Once the line with "tentações, ela é" is found in the entries below, print it and each following line exactly, stopping after the line with "No tempo da"; print nothing else.

########

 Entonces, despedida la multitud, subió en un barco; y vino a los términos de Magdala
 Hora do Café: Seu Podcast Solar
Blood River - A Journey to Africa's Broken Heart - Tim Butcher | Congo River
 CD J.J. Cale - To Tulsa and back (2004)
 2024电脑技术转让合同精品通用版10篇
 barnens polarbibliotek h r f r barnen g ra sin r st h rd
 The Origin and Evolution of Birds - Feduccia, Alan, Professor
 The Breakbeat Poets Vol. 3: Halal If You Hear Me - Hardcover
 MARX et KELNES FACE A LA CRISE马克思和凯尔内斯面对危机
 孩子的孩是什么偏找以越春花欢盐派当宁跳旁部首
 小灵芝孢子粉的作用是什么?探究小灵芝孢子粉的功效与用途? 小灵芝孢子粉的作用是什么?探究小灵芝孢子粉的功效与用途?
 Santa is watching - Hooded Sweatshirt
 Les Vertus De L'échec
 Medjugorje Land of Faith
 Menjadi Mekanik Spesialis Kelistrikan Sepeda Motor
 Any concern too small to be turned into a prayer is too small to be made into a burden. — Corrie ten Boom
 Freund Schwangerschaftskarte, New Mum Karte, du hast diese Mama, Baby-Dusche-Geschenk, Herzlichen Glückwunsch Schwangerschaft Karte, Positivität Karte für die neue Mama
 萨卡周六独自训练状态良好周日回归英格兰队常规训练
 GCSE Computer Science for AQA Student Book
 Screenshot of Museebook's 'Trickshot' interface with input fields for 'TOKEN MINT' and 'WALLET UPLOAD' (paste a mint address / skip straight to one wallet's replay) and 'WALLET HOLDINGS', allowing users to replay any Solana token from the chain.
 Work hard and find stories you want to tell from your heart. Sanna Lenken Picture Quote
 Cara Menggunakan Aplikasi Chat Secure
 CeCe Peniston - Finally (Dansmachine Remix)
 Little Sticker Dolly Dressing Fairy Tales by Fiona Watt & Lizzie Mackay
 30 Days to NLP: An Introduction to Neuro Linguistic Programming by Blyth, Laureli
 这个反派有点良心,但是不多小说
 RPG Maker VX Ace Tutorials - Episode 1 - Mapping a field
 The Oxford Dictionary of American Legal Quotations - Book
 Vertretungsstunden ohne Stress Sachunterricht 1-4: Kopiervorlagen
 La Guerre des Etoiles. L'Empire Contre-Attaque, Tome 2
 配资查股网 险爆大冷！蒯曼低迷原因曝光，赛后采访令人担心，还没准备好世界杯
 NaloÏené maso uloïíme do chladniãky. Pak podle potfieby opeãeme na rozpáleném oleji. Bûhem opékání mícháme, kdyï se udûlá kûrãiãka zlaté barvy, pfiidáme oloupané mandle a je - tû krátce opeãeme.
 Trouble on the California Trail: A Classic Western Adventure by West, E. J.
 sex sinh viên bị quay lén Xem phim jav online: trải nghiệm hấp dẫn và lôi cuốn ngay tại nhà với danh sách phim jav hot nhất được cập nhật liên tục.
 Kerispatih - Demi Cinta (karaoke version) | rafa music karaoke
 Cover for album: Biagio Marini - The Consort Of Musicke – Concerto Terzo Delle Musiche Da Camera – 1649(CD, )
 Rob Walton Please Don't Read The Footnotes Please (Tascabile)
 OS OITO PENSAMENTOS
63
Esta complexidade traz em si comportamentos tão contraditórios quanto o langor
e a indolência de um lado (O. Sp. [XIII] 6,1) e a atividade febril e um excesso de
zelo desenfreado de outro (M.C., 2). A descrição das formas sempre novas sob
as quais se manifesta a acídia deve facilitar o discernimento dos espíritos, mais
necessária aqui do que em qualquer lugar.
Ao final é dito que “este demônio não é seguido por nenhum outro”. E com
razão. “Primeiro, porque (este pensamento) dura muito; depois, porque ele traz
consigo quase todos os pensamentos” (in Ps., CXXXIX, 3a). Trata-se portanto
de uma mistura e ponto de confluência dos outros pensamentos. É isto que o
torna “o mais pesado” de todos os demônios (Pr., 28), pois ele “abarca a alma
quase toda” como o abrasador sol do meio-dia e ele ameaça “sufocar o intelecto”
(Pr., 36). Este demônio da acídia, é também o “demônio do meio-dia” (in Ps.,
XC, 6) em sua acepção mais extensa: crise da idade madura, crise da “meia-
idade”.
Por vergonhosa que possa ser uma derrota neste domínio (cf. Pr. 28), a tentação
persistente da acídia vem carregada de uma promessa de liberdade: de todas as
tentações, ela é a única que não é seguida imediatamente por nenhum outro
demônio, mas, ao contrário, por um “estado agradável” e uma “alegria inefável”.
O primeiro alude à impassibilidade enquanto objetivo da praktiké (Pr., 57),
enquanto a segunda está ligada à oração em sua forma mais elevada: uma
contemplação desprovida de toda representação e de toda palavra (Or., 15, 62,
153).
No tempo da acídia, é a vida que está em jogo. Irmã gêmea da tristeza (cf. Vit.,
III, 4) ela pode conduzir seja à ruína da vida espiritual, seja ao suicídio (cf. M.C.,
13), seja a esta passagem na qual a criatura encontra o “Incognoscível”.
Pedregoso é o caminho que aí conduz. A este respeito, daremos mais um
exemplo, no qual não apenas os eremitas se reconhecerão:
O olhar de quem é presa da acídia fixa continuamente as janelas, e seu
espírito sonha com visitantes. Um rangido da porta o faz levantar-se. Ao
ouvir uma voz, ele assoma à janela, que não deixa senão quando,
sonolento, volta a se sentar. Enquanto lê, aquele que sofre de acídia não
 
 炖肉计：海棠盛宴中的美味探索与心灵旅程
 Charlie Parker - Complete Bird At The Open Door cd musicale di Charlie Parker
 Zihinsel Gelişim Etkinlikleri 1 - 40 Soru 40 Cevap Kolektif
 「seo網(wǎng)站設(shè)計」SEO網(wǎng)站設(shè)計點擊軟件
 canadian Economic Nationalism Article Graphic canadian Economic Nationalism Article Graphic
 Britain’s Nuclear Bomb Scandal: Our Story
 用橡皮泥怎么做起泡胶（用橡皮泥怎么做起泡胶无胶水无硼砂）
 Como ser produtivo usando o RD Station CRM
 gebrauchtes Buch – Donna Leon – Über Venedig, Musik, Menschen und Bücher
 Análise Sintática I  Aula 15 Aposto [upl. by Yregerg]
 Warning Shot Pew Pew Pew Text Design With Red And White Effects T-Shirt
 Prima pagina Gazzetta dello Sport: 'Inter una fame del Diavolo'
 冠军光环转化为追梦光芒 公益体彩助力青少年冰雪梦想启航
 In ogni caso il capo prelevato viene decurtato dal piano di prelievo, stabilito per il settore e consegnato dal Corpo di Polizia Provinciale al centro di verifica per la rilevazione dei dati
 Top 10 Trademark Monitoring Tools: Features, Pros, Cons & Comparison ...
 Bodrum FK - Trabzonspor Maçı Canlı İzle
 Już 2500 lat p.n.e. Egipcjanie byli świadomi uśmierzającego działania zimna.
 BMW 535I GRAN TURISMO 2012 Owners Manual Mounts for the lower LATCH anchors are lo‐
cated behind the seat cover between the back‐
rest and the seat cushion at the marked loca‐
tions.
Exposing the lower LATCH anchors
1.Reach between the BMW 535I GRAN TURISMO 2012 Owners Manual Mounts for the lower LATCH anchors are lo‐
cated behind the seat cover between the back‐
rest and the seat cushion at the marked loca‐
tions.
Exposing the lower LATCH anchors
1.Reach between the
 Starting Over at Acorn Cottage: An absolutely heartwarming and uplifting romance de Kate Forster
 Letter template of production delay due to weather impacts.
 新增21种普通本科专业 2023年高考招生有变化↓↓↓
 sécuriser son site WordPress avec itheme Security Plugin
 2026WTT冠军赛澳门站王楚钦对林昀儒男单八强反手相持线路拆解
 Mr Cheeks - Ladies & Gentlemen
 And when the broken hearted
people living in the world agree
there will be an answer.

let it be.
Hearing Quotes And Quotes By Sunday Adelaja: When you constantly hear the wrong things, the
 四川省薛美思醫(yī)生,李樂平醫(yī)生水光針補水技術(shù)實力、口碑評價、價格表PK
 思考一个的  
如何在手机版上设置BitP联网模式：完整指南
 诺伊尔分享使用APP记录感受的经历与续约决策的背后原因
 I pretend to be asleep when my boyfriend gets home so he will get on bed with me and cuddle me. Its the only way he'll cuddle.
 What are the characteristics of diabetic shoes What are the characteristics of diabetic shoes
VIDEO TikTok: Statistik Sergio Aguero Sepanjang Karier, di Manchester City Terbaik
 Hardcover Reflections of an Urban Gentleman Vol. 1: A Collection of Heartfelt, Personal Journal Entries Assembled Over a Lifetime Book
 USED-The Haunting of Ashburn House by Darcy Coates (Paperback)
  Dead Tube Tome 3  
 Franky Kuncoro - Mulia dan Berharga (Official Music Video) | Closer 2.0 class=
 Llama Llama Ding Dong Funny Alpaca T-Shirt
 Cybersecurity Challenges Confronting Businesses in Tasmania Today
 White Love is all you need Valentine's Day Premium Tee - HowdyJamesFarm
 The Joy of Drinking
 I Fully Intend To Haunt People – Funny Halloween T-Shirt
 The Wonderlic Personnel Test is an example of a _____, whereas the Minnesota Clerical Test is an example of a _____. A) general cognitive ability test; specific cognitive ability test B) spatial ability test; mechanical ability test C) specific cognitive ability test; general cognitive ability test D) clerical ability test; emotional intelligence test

########

> _Response to the exercise_:
tentações, ela é a única que não é seguida imediatamente por nenhum outro
demônio, mas, ao contrário, por um “estado agradável” e uma “alegria inefável”.
O primeiro alude à impassibilidade enquanto objetivo da praktiké (Pr., 57),
enquanto a segunda está ligada à oração em sua forma mais elevada: uma
contemplação desprovida de toda representação e de toda palavra (Or., 15, 62,
153).
No tempo da acídia, é a vida que está em jogo. Irmã gêmea da tristeza (cf. Vit.,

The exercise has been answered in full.